Le patron de l'Organisation Mondiale de la Santé (OMS), Tedros Adhanom Ghebreyesus, s'est indigné des "attaques continues visant le système de santé", affirmant que quatre personnes, dont des enfants, avaient été tuées à l'hôpital pédiatrique de la région de Kernoi, au Darfour, près de la frontière du Tchad.

Pourparlers ou combats ? 

L'émissaire américain pour l'Afrique, Massad Boulos, s'est efforcé ces derniers jours, lors d'un déplacement au Caire, de finaliser une proposition de trêve humanitaire formulée mi-septembre sous son égide par un groupe de médiateurs incluant aussi l'Egypte, l'Arabie Saoudite et les Emirats arabes unis.

Ce groupe de médiation, dit du Quad, travaille sur un plan global de paix pour le Soudan, mais ses dernières propositions sont restées lettre morte.

Le secrétaire général de l'ONU, Antonio Guterres, avait pourtant exhorté mardi les belligérants à "venir à la table des négociations" et "mettre fin à ce cauchemar de violence".

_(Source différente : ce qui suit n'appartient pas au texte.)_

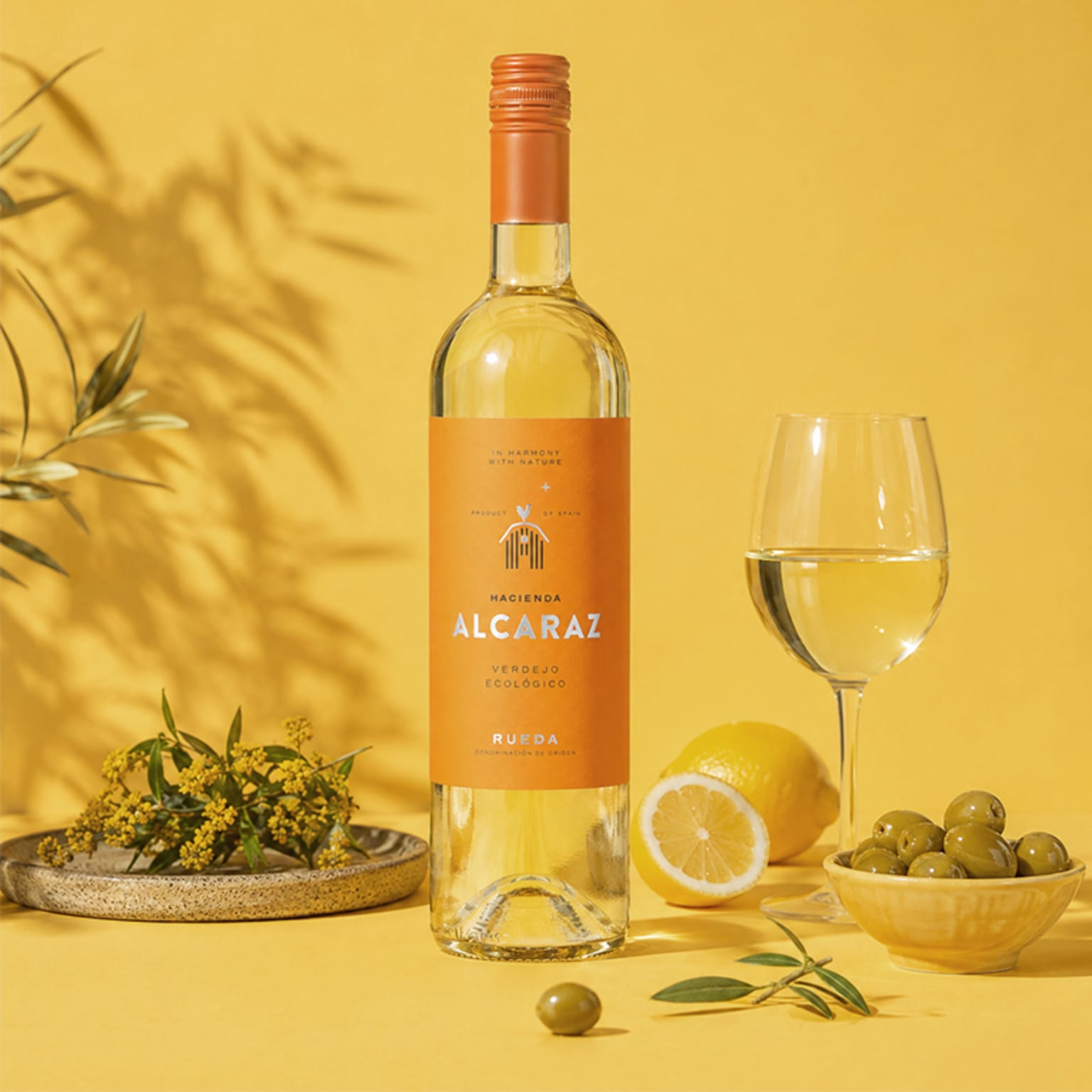 Hacienda Alcaraz Verdejo Rueda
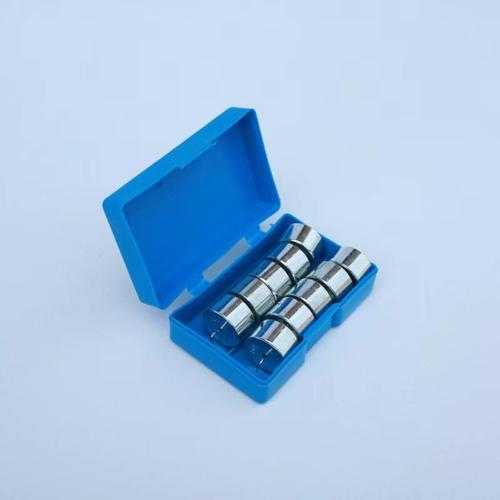精准测量，探索物理之美——金属钩码50g*10教学仪器深度解析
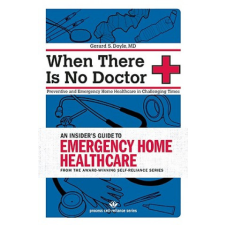  When There Is No Doctor – Gerard S Doyle idegen nyelvű könyv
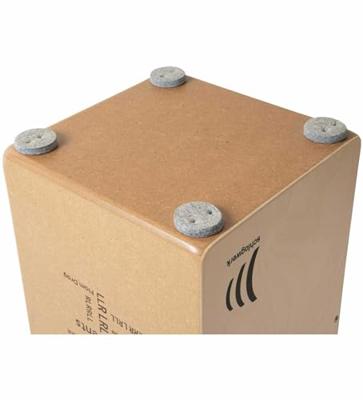 Schlagwerk CP80 Rudiments Nature cajon Large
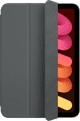 Apple Smart Folio iPad Mini 7 (2024) Gray front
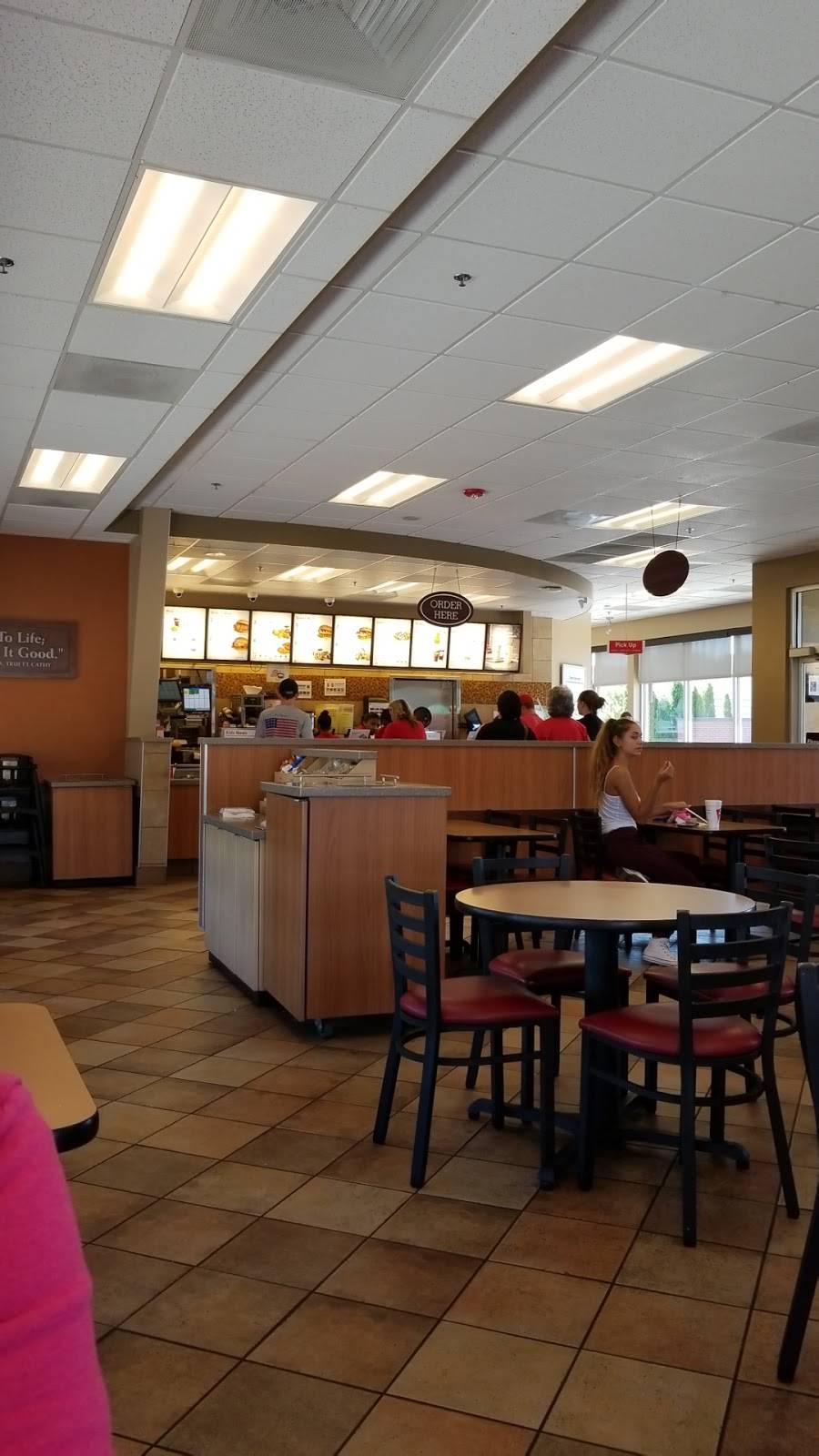 Chick-fil-A | restaurant | 1440 N Dupont Hwy, Dover, DE 19901, USA | 3027365226 OR +1 302-736-5226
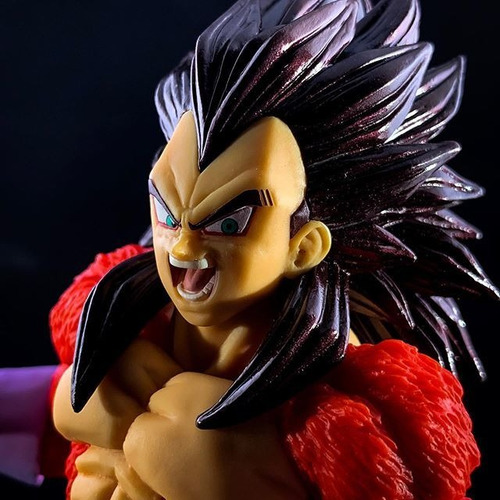 Vegeta Ssj 4 -blood Of Saiyans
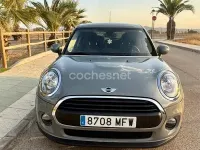 Usado Mini One D 95 CV (69 kW) 2018 Gris / plata Utilitario
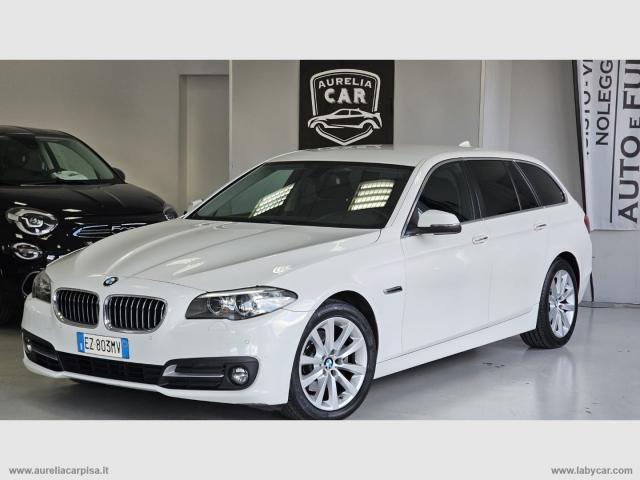 Auto - Bmw 520d touring business aut.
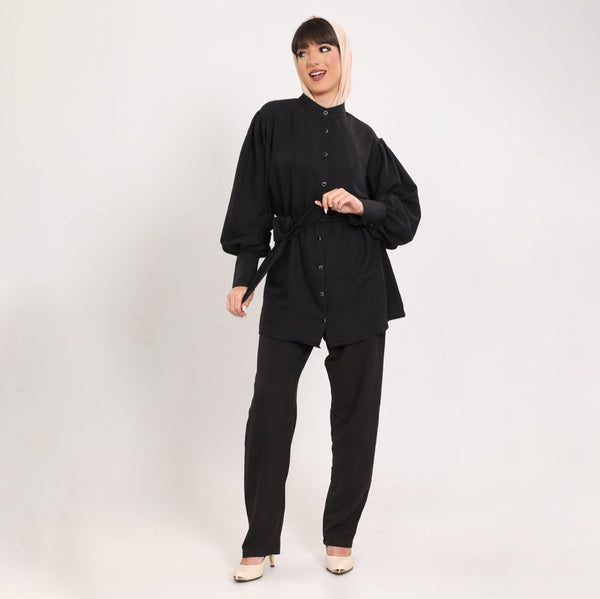 Rayon Set Shirt & Pants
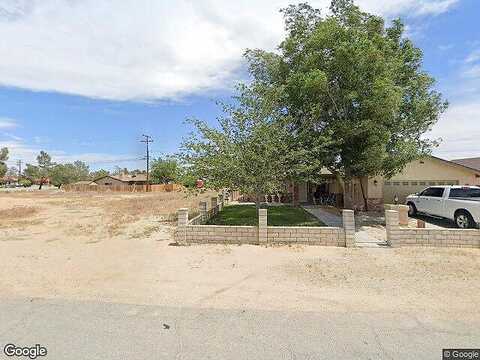 Yerba Blvd, California City, CA 93505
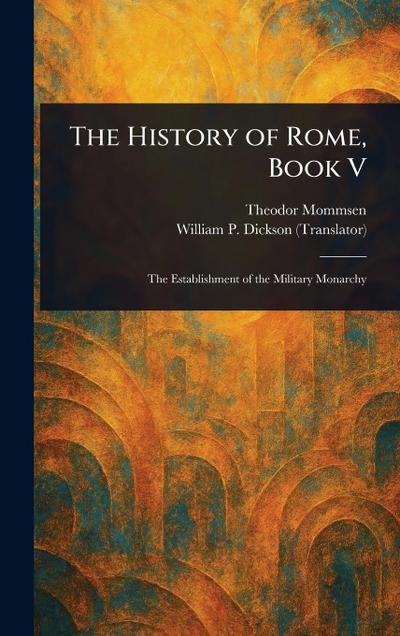 The History of Rome, Book V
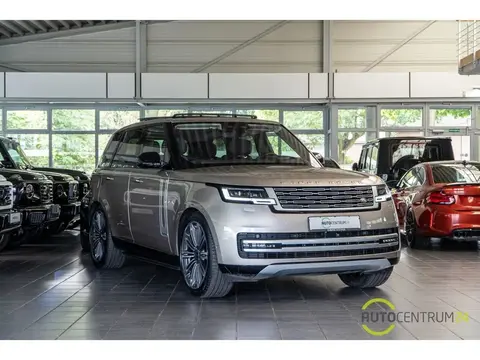 Used LAND ROVER RANGE ROVER Diesel 2022 Ad 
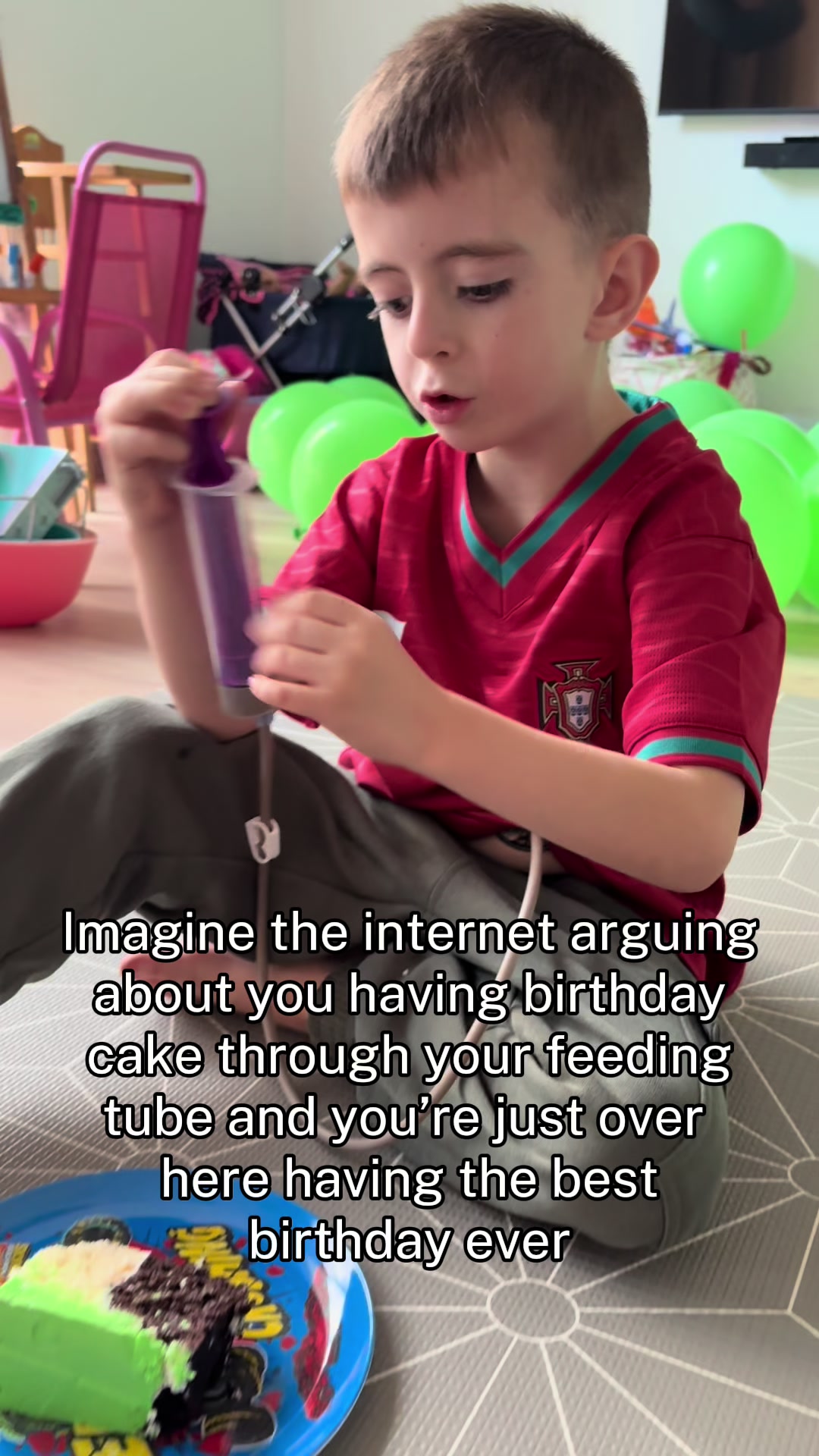 @The Tubie Mum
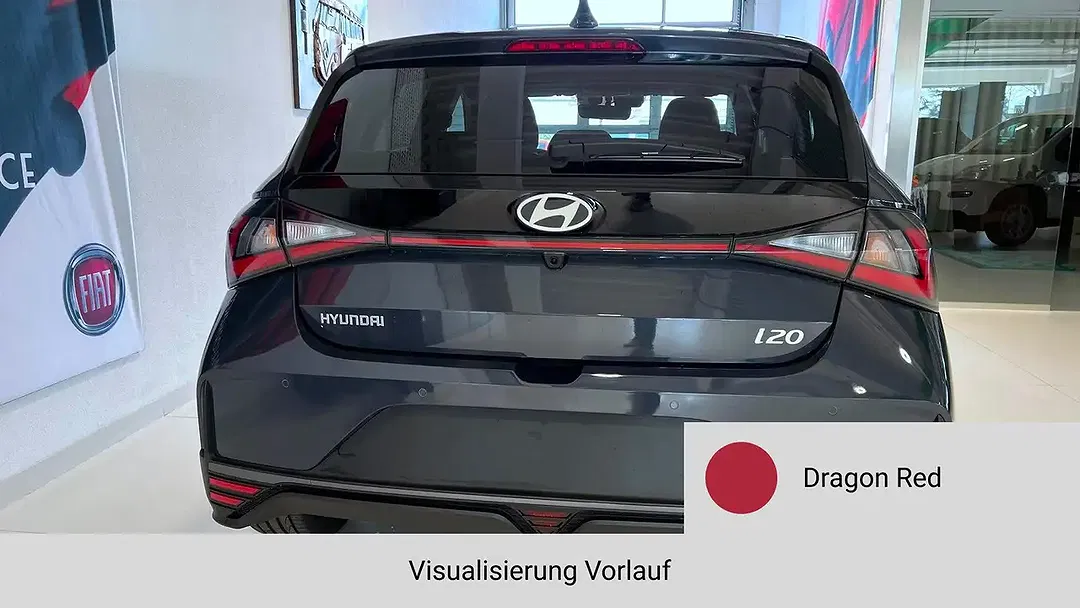 Hyundai i20 - Thumbnail 5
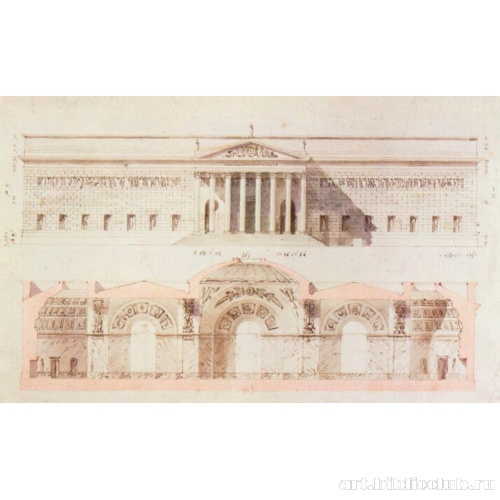 Мюнхенская глиптотека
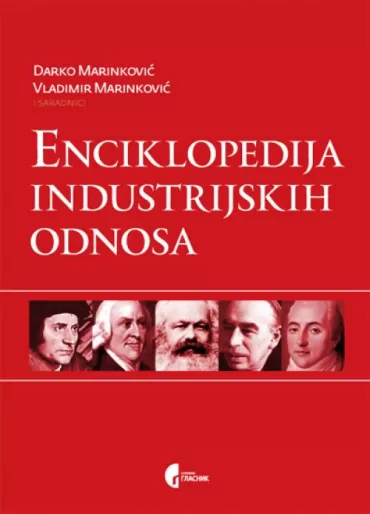 enciklopedija industrijskih odnosa vladimir marinković darko marinković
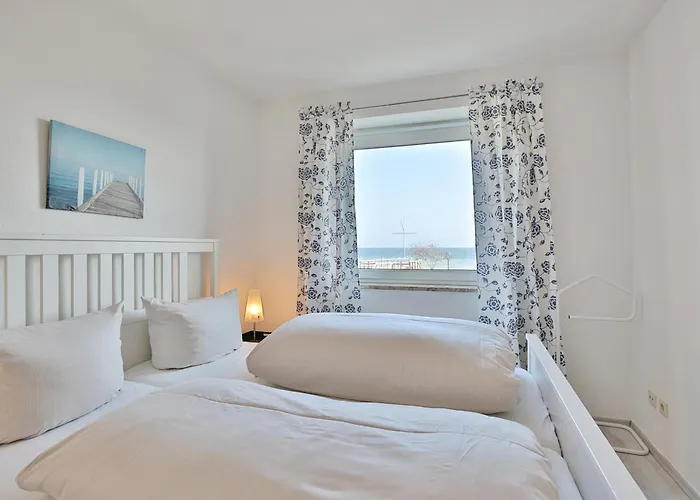 Strandschloesschen Strandschloesschen 5 Appartement Haffkrug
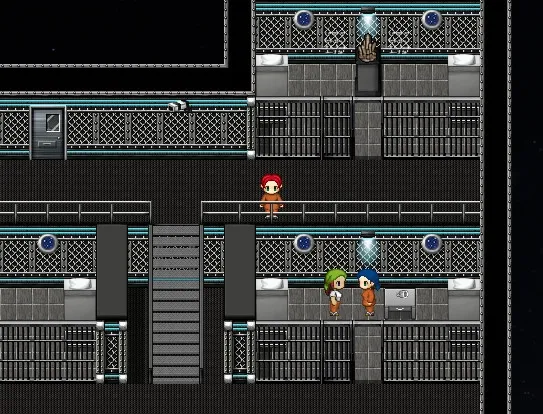 Скриншот Space Pilgrim Episode IV: Sol — 4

Mais après avoir étudié la proposition de cessez-le-feu, les autorités pro-armée ont affirmé que la guerre allait continuer.

"Les préparatifs pour la bataille du peuple soudanais se poursuivent", a déclaré le ministre de la Défense, Hassan Kabroun.

Le Conseil de souveraineté présidé par le chef de l'armée, le général al-Burhane, a néanmoins présenté un plan pour "faciliter l'accès à l'aide humanitaire" et "la restauration de la sécurité et de la paix dans toutes les régions du Soudan", selon le compte-rendu du ministre.

 "Malnutrition sévère" 

"La situation sur le terrain est très compliquée", a reconnu la porte-parole de la Maison Blanche, Karoline Leavitt.

Plus de 71.000 civils ont fui El-Facher depuis sa chute et quelque 12.000 arrivées ont été enregistrées à Tawila, selon l'ONU.

La guerre entre l'armée et les FSR a déjà fait des dizaines de milliers de morts et près de 12 millions de déplacés, selon l'ONU.

La situation des populations déplacées reste critique, a averti l'Unicef en soulignant que 14,6% des enfants de moins de cinq ans souffraient de malnutrition sévère.